Pedro Olea CAMACHO, Petitioner v. Matthew G. WHITAKER, Acting Attorney General of the United States, Respondent

No. 17-3713

Decided: December 06, 2018

Before WOLLMAN, KELLY, and ERICKSON, Circuit Judges. Counsel who presented argument on behalf of the petitioner was Bernadette Cox McGuire, of Englewood, CO. Counsel who presented argument on behalf of the respondent was Michael Christopher Heyse, USDOJ, OIL, of Washington, DC.

Pedro Olea Camacho petitions for review of the Board of Immigration Appeals’s (“BIA”) denial of his motion to reconsider the BIA’s previous order denying him a discretionary adjustment of status. We deny the petition.

I. Background

Pedro Olea Camacho is a Mexican citizen who first entered the United States without inspection in 1987. He has been married twice since entering the country. He adjusted his status to lawful permanent resident on December 7, 2000, on the basis of his first marriage. During his application process for adjustment of status, Camacho failed to disclose that he was convicted of fifth-degree theft in Iowa on September 17, 1993.

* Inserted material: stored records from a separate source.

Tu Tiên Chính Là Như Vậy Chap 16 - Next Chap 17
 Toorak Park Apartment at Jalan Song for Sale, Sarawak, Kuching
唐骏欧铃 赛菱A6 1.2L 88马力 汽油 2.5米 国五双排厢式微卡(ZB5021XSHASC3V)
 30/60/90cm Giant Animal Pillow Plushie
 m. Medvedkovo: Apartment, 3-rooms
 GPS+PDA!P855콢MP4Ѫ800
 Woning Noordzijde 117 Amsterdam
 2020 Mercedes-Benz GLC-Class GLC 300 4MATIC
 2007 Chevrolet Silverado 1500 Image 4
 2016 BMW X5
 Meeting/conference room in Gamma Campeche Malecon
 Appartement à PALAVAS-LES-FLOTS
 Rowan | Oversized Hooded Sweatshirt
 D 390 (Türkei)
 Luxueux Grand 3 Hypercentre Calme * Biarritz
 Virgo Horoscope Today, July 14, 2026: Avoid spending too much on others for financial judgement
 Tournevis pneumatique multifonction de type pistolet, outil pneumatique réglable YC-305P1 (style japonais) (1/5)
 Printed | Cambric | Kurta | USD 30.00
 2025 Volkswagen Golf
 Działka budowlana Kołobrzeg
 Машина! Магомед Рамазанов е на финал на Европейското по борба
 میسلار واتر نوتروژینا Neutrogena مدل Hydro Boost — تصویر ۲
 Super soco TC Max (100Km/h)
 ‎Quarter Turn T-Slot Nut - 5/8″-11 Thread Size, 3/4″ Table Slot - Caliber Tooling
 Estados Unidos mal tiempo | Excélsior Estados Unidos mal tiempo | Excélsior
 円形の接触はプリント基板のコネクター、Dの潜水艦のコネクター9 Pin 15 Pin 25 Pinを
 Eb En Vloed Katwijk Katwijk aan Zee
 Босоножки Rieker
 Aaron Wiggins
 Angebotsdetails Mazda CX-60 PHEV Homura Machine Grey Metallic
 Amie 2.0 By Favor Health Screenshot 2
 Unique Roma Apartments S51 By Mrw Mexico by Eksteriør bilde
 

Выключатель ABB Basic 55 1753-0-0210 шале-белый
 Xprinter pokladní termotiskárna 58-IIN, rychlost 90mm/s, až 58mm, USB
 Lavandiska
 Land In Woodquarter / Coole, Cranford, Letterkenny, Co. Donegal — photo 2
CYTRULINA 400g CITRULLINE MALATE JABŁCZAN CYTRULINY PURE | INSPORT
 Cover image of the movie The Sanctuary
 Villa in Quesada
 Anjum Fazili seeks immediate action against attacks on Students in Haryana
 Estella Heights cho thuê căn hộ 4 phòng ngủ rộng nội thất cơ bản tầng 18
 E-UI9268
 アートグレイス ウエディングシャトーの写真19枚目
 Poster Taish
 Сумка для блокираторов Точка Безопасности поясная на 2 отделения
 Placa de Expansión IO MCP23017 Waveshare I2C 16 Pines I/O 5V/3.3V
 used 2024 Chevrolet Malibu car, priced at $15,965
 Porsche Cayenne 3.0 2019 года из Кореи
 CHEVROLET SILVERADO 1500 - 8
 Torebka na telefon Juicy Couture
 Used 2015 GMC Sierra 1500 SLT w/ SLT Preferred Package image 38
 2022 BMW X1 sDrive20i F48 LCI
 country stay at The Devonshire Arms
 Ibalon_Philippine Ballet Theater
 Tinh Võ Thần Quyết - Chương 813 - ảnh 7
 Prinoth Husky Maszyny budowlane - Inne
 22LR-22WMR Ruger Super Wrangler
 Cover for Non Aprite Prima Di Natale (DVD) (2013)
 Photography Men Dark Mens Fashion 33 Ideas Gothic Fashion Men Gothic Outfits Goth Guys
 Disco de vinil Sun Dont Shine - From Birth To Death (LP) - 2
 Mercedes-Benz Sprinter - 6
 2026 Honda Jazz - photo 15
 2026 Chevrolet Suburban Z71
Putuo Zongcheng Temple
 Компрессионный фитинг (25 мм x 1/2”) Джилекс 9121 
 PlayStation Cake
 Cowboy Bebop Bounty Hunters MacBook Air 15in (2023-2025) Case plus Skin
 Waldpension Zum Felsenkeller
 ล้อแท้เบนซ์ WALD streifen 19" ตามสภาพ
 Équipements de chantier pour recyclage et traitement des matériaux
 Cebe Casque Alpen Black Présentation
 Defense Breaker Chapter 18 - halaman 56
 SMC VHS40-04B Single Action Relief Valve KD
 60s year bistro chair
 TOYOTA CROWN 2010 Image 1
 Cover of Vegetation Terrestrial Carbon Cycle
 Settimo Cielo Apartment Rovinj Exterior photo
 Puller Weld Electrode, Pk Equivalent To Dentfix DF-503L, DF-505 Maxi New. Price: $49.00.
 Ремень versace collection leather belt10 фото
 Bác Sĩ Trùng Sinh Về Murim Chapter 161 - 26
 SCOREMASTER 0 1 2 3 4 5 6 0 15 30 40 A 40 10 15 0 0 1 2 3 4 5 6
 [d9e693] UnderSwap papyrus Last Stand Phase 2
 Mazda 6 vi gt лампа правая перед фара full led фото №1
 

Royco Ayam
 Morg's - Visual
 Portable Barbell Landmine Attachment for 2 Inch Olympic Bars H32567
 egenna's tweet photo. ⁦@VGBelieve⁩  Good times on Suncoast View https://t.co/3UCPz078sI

In March of 2015, Camacho was convicted in Iowa of two counts of indecent contact with a child. The charges related to alleged sexual misconduct between 1999 and 2002. The victims were the grandchildren of his first wife. Camacho pled guilty to both counts. Following Camacho’s conviction, the Department of Homeland Security (“DHS”) served Camacho a Notice to Appear charging him with removability under: 8 U.S.C. § 1227(a)(2)(A)(iii), as an alien convicted of an aggravated felony (his sexual abuse of a child conviction); § 1227(a)(2)(E)(i), as an alien convicted of a crime of domestic violence; § 1227(a)(2)(A)(ii), as an alien convicted of two crimes involving moral turpitude; and § 1227(a)(1)(A), as an alien who obtained admission via fraud in 2000 by failing to disclose his 1993 theft conviction. Camacho responded by disputing his prior conviction for theft and denying all grounds for removability. On May 26, 2015, the Immigration Judge (“IJ”) issued a decision finding Camacho removable as an alien convicted of an aggravated felony. Camacho then applied to adjust status through his second wife (a US citizen), and sought a waiver of his inadmissibility.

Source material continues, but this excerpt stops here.